Replication should not be optional

  • Replication is the heart of science.
  • We are empiricists; we shouldn’t trust what we can’t see.
  • The most likely replicator is you six months from now.

Why the hate?

  1. Replication is hard:
    • It is harder to get it working on every computer than just your own.
  2. Replication is boring:
    • It is the last step to publication and you’re probably already bored of the project.

Start on the right foot

It is easier to:

  • maintain a replicable project than convert to one.
  • make every project replicable than a particular one.

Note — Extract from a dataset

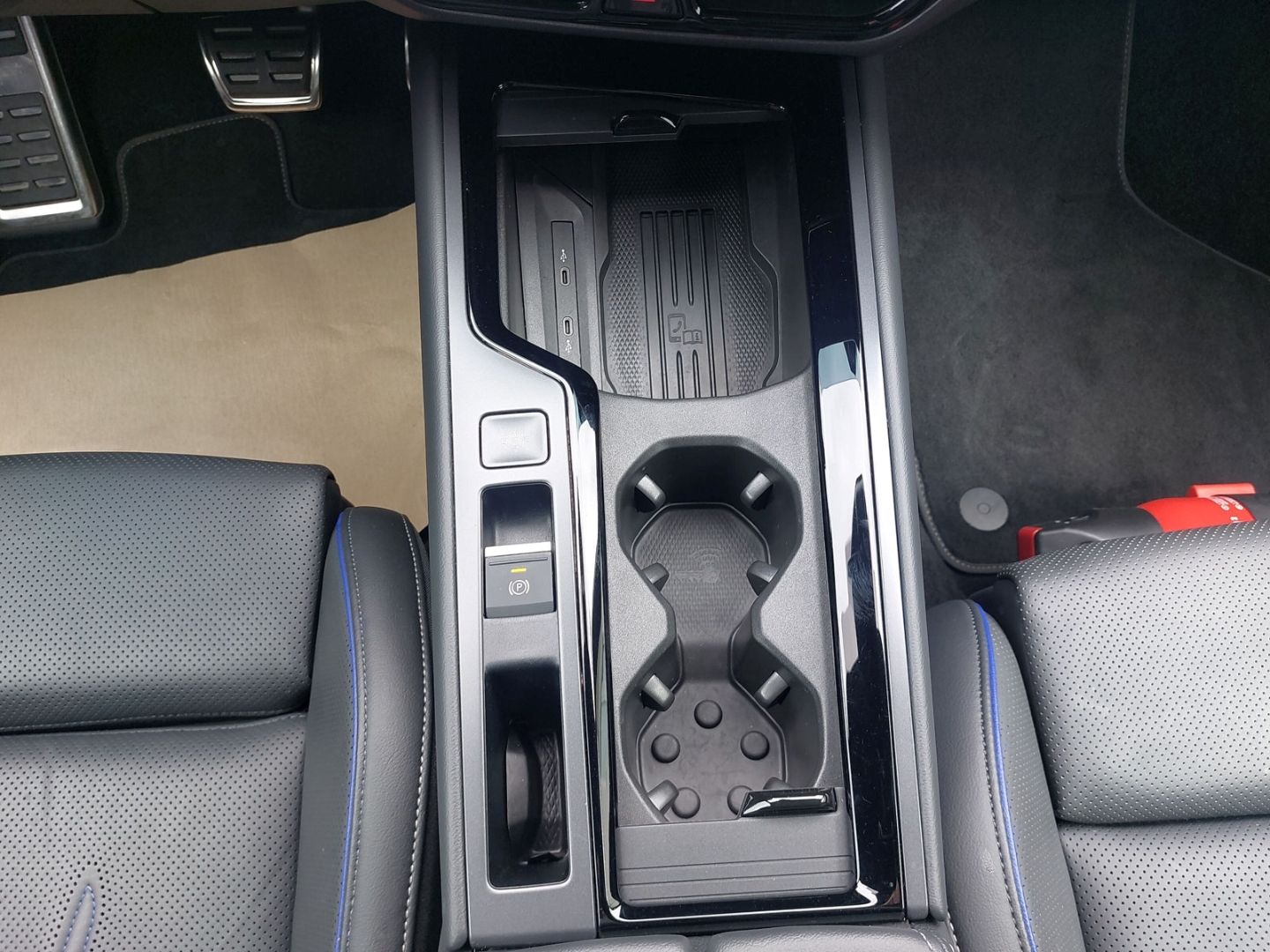 Volkswagen Passat Variant 2.0TDI 4Motion R-Line Ergo-Sitze Panoramadach StandHZG el.Heckklappe - Bild 18 von 20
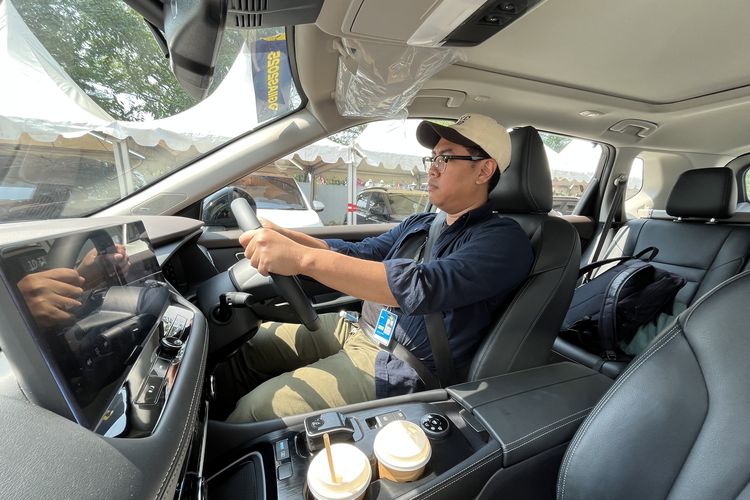 Nissan X-Trail, GIIAS 2025, teknologi e-Power, Nissan X-trail, SUV elegan, Pengalaman Test Drive All-New Nissan X-Trail e-Power di GIIAS 2025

So, you should use a consistent project template.

Suggested template

│   environment.yml         # Conda environment used for project
│   LICENSE                 # Open-source license
│   pyproject.toml          # Package metadata and configuration
│   README.md               # Brief documentation
├───data
│   ├───interim             # Intermediate data that has been transformed
│   ├───processed           # The final, canonical datasets
│   └───raw                 # The original, immutable data dump
├───docs                    # MkDocs documentation
├───models                  # Output models and model results
├───reports
│   ├───figures             # Output figures
│   └───tables              # Output tables
└───src
    └───thispackage         # Python package
            __init__.py     # Makes package installable
            config.py       # Configuration parameters
            dataset.py      # Clean and output data
            plots.py        # Generate plots

Environment

Telling the computer how to run your code.

environment.yml

name: thispackage
channels:
  - conda-forge
dependencies:
  - python=3.13
  - pandas
  - plotly
  - ruff
  - jupyter
  - pip
  - pip:
    - -e .
# To install: conda env create -f environment.yml
# To use: conda activate thispackage
# To update: conda env update -f environment.yml --prune -n thispackage

environment.yml—new dependency

name: thispackage
channels:
  - conda-forge
dependencies:
  - python=3.13
  - pandas
  - plotly
  - statsmodels
  - ruff
  - jupyter
  - pip
  - pip:
    - -e .
# To install: conda env create -f environment.yml
# To use: conda activate thispackage
# To update: conda env update -f environment.yml --prune -n thispackage

pyproject.toml

[build-system] # Tells pip how to install the package

[project]      # Contains project metdata

[tool.ruff]
line-length = 79

[tool.ruff.lint]
extend-select = [
    "PTH", # Suggest pathlib instead of os
    "PD",  # Pandas best practices
    "D"    # Require docstrings
]

[tool.ruff.lint.pydocstyle]
convention = "google"

Documentation

  • README: Broad overview and replication steps.
  • MkDocs: Detailed code documentation.

README

A well-structured project can have a simple README.

# This Package

Brief project description.

<!-- Environment and docs boilerplate -->

## Replication procedure

All raw data is included in `./data/raw`.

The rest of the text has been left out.